* DATA SECTION
*** Begin section ***

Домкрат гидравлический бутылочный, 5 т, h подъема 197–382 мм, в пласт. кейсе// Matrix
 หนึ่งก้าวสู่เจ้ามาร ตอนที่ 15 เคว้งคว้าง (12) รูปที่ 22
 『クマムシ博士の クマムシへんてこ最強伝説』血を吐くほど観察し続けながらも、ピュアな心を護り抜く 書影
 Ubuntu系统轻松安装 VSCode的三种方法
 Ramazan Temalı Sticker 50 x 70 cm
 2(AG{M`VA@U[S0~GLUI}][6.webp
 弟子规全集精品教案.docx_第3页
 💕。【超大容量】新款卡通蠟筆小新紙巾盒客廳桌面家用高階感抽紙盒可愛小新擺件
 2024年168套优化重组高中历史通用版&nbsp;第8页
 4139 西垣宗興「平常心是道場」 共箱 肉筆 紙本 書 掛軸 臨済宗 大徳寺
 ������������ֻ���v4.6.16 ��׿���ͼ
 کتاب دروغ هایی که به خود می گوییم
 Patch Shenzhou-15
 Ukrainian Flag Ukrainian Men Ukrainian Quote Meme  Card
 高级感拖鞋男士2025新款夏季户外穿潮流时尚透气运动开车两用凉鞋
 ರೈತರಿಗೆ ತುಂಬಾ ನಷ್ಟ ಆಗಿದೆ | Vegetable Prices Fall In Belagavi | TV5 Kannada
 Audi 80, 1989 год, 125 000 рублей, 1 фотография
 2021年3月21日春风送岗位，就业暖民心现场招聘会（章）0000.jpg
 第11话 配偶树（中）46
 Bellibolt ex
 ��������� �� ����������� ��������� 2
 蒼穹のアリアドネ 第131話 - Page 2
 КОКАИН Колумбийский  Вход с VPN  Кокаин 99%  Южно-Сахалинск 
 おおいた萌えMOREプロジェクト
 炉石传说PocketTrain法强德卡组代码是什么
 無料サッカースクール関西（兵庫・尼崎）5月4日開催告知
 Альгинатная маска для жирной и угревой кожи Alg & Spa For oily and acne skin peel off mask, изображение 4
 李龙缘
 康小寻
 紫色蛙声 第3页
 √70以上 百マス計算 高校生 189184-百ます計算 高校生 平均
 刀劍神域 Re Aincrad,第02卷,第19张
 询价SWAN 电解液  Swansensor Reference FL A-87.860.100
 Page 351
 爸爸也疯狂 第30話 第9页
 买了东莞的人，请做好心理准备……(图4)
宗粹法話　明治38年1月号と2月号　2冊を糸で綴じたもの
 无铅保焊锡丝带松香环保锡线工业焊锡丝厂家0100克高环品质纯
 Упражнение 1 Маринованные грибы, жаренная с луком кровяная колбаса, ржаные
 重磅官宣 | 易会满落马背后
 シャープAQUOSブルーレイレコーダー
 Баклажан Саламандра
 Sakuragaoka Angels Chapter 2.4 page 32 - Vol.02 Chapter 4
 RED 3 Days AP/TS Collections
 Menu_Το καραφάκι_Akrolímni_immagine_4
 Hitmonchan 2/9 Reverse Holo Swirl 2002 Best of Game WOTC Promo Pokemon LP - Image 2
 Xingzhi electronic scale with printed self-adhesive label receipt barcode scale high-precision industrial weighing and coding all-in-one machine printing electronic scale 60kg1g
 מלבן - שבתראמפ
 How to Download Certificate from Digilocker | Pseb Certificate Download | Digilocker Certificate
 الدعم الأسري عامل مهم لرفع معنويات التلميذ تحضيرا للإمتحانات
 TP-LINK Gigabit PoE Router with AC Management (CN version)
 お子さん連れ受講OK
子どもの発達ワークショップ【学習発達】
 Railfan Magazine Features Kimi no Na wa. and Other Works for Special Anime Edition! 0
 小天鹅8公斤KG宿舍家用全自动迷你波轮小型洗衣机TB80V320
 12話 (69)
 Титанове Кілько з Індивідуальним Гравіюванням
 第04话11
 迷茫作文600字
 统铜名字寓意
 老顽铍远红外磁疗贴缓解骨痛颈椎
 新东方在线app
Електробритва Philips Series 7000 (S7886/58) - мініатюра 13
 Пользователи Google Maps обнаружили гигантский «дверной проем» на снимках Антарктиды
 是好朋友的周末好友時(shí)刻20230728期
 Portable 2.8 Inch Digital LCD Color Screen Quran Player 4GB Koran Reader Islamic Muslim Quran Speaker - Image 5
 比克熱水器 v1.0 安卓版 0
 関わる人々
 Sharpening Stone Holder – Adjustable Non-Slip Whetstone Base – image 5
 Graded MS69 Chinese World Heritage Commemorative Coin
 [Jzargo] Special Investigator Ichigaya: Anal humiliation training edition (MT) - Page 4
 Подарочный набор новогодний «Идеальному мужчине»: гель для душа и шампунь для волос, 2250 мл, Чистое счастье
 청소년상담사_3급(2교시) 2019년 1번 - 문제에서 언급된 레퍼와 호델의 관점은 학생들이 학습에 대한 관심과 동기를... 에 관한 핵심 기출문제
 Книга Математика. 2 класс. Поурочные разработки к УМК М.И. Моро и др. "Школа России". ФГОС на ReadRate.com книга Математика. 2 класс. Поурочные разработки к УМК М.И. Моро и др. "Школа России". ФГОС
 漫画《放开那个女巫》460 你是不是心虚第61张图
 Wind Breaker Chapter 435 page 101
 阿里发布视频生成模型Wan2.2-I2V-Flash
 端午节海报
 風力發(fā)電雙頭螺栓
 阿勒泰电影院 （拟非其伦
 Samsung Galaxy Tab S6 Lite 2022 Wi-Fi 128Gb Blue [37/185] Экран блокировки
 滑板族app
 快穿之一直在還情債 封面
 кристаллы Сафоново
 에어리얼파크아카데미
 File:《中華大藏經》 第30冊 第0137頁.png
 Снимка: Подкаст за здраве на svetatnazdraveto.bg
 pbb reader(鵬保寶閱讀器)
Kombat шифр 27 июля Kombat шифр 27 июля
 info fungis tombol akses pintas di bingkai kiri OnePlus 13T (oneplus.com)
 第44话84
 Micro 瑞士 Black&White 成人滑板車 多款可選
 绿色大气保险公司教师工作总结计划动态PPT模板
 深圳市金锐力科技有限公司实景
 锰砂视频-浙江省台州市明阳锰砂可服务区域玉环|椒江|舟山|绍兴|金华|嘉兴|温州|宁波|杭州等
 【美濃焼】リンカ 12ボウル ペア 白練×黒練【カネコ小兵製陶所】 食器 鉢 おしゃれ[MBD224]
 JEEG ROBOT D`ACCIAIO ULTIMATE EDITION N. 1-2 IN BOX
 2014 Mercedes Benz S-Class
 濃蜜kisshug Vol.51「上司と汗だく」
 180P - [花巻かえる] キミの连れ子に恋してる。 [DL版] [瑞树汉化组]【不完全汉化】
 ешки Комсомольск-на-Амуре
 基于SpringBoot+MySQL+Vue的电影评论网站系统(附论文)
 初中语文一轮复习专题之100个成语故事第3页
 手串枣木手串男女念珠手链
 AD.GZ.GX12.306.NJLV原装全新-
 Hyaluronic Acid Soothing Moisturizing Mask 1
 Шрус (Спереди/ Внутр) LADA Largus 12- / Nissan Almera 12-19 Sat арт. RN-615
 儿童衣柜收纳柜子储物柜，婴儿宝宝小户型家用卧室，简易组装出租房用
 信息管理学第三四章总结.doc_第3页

*** End section ***

* TASK DESCRIPTION
Each record needs to be duplicated exactly as given.

* ANSWER SECTION
Домкрат гидравлический бутылочный, 5 т, h подъема 197–382 мм, в пласт. кейсе// Matrix
 หนึ่งก้าวสู่เจ้ามาร ตอนที่ 15 เคว้งคว้าง (12) รูปที่ 22
 『クマムシ博士の クマムシへんてこ最強伝説』血を吐くほど観察し続けながらも、ピュアな心を護り抜く 書影
 Ubuntu系统轻松安装 VSCode的三种方法
 Ramazan Temalı Sticker 50 x 70 cm
 2(AG{M`VA@U[S0~GLUI}][6.webp
 弟子规全集精品教案.docx_第3页
 💕。【超大容量】新款卡通蠟筆小新紙巾盒客廳桌面家用高階感抽紙盒可愛小新擺件
 2024年168套优化重组高中历史通用版&nbsp;第8页
 4139 西垣宗興「平常心是道場」 共箱 肉筆 紙本 書 掛軸 臨済宗 大徳寺
 ������������ֻ���v4.6.16 ��׿���ͼ
 کتاب دروغ هایی که به خود می گوییم
 Patch Shenzhou-15
 Ukrainian Flag Ukrainian Men Ukrainian Quote Meme  Card
 高级感拖鞋男士2025新款夏季户外穿潮流时尚透气运动开车两用凉鞋
 ರೈತರಿಗೆ ತುಂಬಾ ನಷ್ಟ ಆಗಿದೆ | Vegetable Prices Fall In Belagavi | TV5 Kannada
 Audi 80, 1989 год, 125 000 рублей, 1 фотография
 2021年3月21日春风送岗位，就业暖民心现场招聘会（章）0000.jpg
 第11话 配偶树（中）46
 Bellibolt ex
 ��������� �� ����������� ��������� 2
 蒼穹のアリアドネ 第131話 - Page 2
 КОКАИН Колумбийский  Вход с VPN  Кокаин 99%  Южно-Сахалинск 
 おおいた萌えMOREプロジェクト
 炉石传说PocketTrain法强德卡组代码是什么
 無料サッカースクール関西（兵庫・尼崎）5月4日開催告知
 Альгинатная маска для жирной и угревой кожи Alg & Spa For oily and acne skin peel off mask, изображение 4
 李龙缘
 康小寻
 紫色蛙声 第3页
 √70以上 百マス計算 高校生 189184-百ます計算 高校生 平均
 刀劍神域 Re Aincrad,第02卷,第19张
 询价SWAN 电解液  Swansensor Reference FL A-87.860.100
 Page 351
 爸爸也疯狂 第30話 第9页
 买了东莞的人，请做好心理准备……(图4)
宗粹法話　明治38年1月号と2月号　2冊を糸で綴じたもの
 无铅保焊锡丝带松香环保锡线工业焊锡丝厂家0100克高环品质纯
 Упражнение 1 Маринованные грибы, жаренная с луком кровяная колбаса, ржаные
 重磅官宣 | 易会满落马背后
 シャープAQUOSブルーレイレコーダー
 Баклажан Саламандра
 Sakuragaoka Angels Chapter 2.4 page 32 - Vol.02 Chapter 4
 RED 3 Days AP/TS Collections
 Menu_Το καραφάκι_Akrolímni_immagine_4
 Hitmonchan 2/9 Reverse Holo Swirl 2002 Best of Game WOTC Promo Pokemon LP - Image 2
 Xingzhi electronic scale with printed self-adhesive label receipt barcode scale high-precision industrial weighing and coding all-in-one machine printing electronic scale 60kg1g
 מלבן - שבתראמפ
 How to Download Certificate from Digilocker | Pseb Certificate Download | Digilocker Certificate
 الدعم الأسري عامل مهم لرفع معنويات التلميذ تحضيرا للإمتحانات
 TP-LINK Gigabit PoE Router with AC Management (CN version)
 お子さん連れ受講OK
子どもの発達ワークショップ【学習発達】
 Railfan Magazine Features Kimi no Na wa. and Other Works for Special Anime Edition! 0
 小天鹅8公斤KG宿舍家用全自动迷你波轮小型洗衣机TB80V320
 12話 (69)
 Титанове Кілько з Індивідуальним Гравіюванням
 第04话11
 迷茫作文600字
 统铜名字寓意
 老顽铍远红外磁疗贴缓解骨痛颈椎
 新东方在线app
Електробритва Philips Series 7000 (S7886/58) - мініатюра 13
 Пользователи Google Maps обнаружили гигантский «дверной проем» на снимках Антарктиды
 是好朋友的周末好友時(shí)刻20230728期
 Portable 2.8 Inch Digital LCD Color Screen Quran Player 4GB Koran Reader Islamic Muslim Quran Speaker - Image 5
 比克熱水器 v1.0 安卓版 0
 関わる人々
 Sharpening Stone Holder – Adjustable Non-Slip Whetstone Base – image 5
 Graded MS69 Chinese World Heritage Commemorative Coin
 [Jzargo] Special Investigator Ichigaya: Anal humiliation training edition (MT) - Page 4
 Подарочный набор новогодний «Идеальному мужчине»: гель для душа и шампунь для волос, 2250 мл, Чистое счастье
 청소년상담사_3급(2교시) 2019년 1번 - 문제에서 언급된 레퍼와 호델의 관점은 학생들이 학습에 대한 관심과 동기를... 에 관한 핵심 기출문제
 Книга Математика. 2 класс. Поурочные разработки к УМК М.И. Моро и др. "Школа России". ФГОС на ReadRate.com книга Математика. 2 класс. Поурочные разработки к УМК М.И. Моро и др. "Школа России". ФГОС
 漫画《放开那个女巫》460 你是不是心虚第61张图
 Wind Breaker Chapter 435 page 101
 阿里发布视频生成模型Wan2.2-I2V-Flash
 端午节海报
 風力發(fā)電雙頭螺栓
 阿勒泰电影院 （拟非其伦
 Samsung Galaxy Tab S6 Lite 2022 Wi-Fi 128Gb Blue [37/185] Экран блокировки
 滑板族app
 快穿之一直在還情債 封面
 кристаллы Сафоново
 에어리얼파크아카데미
 File:《中華大藏經》 第30冊 第0137頁.png
 Снимка: Подкаст за здраве на svetatnazdraveto.bg
 pbb reader(鵬保寶閱讀器)
Kombat шифр 27 июля Kombat шифр 27 июля
 info fungis tombol akses pintas di bingkai kiri OnePlus 13T (oneplus.com)
 第44话84
 Micro 瑞士 Black&White 成人滑板車 多款可選
 绿色大气保险公司教师工作总结计划动态PPT模板
 深圳市金锐力科技有限公司实景
 锰砂视频-浙江省台州市明阳锰砂可服务区域玉环|椒江|舟山|绍兴|金华|嘉兴|温州|宁波|杭州等
 【美濃焼】リンカ 12ボウル ペア 白練×黒練【カネコ小兵製陶所】 食器 鉢 おしゃれ[MBD224]
 JEEG ROBOT D`ACCIAIO ULTIMATE EDITION N. 1-2 IN BOX
 2014 Mercedes Benz S-Class
 濃蜜kisshug Vol.51「上司と汗だく」
 180P - [花巻かえる] キミの连れ子に恋してる。 [DL版] [瑞树汉化组]【不完全汉化】
 ешки Комсомольск-на-Амуре
 基于SpringBoot+MySQL+Vue的电影评论网站系统(附论文)
 初中语文一轮复习专题之100个成语故事第3页
 手串枣木手串男女念珠手链
 AD.GZ.GX12.306.NJLV原装全新-
 Hyaluronic Acid Soothing Moisturizing Mask 1
 Шрус (Спереди/ Внутр) LADA Largus 12- / Nissan Almera 12-19 Sat арт. RN-615
 儿童衣柜收纳柜子储物柜，婴儿宝宝小户型家用卧室，简易组装出租房用
 信息管理学第三四章总结.doc_第3页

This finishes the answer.